Deux chars d’assaut de l’armée israélienne franchissent la porte pratiquée dans une épaisse barrière et s’aventurent sur une piste de terre qui serpente dans des collines aux tons pastel. Les habitants de Majdal Shams, bourg druze situé dans le nord du plateau du Golan, occupé par l’armée israélienne depuis 1967, regardent le spectacle, l’air médusé. « On n’a pas vu les forces israéliennes opérer là-bas depuis 1973 et la guerre du Kippour », lâche Wassim Safadi, un journaliste local.
« Là-bas », c’est la zone de séparation entre la partie contrôlée par l’Etat hébreu et la Syrie, mise en place en 1974, et où sont déployés un millier de soldats appartenant à la Force des Nations unies chargée d’observer le désengagement (Fnuod).

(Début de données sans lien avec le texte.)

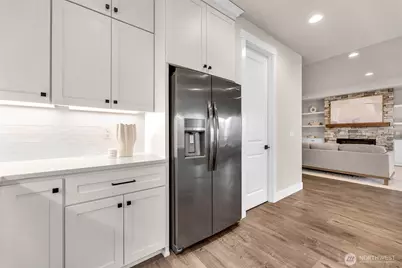 105 Eli Avery Avenue, Kalama, WA 98625 - Photo 15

Avant même la fuite de Bachar Al-Assad et l’effondrement du régime syrien, dimanche 8 décembre, les troupes israéliennes ont franchi, samedi, la ligne de démarcation, délimitée par une barrière. Le mouvement s’est poursuivi dimanche matin, quand les forces de sécurité syriennes se sont évanouies.
Rowaida Hamad, mère de famille druze, née à Damas, et mariée à l’un de ses coreligionnaires de Majdal Shams, est venue sur le terre-plein dit des « porte-voix », en contrebas de la ville. C’est de cet endroit que les familles de cette minorité confessionnelle, répartie entre la Syrie, le Liban et Israël, échangent par-delà la barrière de séparation avec leurs proches vivant de l’autre côté. Elles sont nombreuses mercredi 11 décembre dans l’après-midi, inquiètes d’avoir des nouvelles.
« Accord caduc »
Une partie de la famille de Rowaida vit à Hadar, village druze en territoire syrien, situé juste à
la lisière de la zone de séparation : « Ma famille était chez elle dimanche matin quand elle a appris la fuite de Bachar Al-Assad. Les services de sécurité étaient déjà partis, en abandonnant leurs armes et leurs uniformes. Puis l’armée israélienne s’est positionnée autour du village, tout en laissant un accès ouvert vers Damas. Je suis heureuse de savoir que tout va bien et que ce n’est pas le chaos. » Elle ne rêve que de prendre sa voiture et d’aller voir les siens. « Un jour peut-être », soupire-t-elle. L’unique point de passage entre la partie occupée par Israël et la Syrie est fermé depuis 2011.
A côté, Rima Safadi communique par téléphone avec son frère, qui a franchi la zone de séparation dans les années 1970 pour aller vivre côté syrien. Elle lui demande de sortir de chez lui. A un kilomètre à vol d’oiseau, une silhouette émerge d’une petite maison. « Mon chéri, mon âme, je suis tellement heureuse de te voir », dit cette femme de 49 ans, cheveux poivre et sel, débordant d’émotion, alors que les chars se déploient doucement sur les collines avoisinantes. Ils appartiennent à la 210e division, dite Bashan, chargée du front syrien.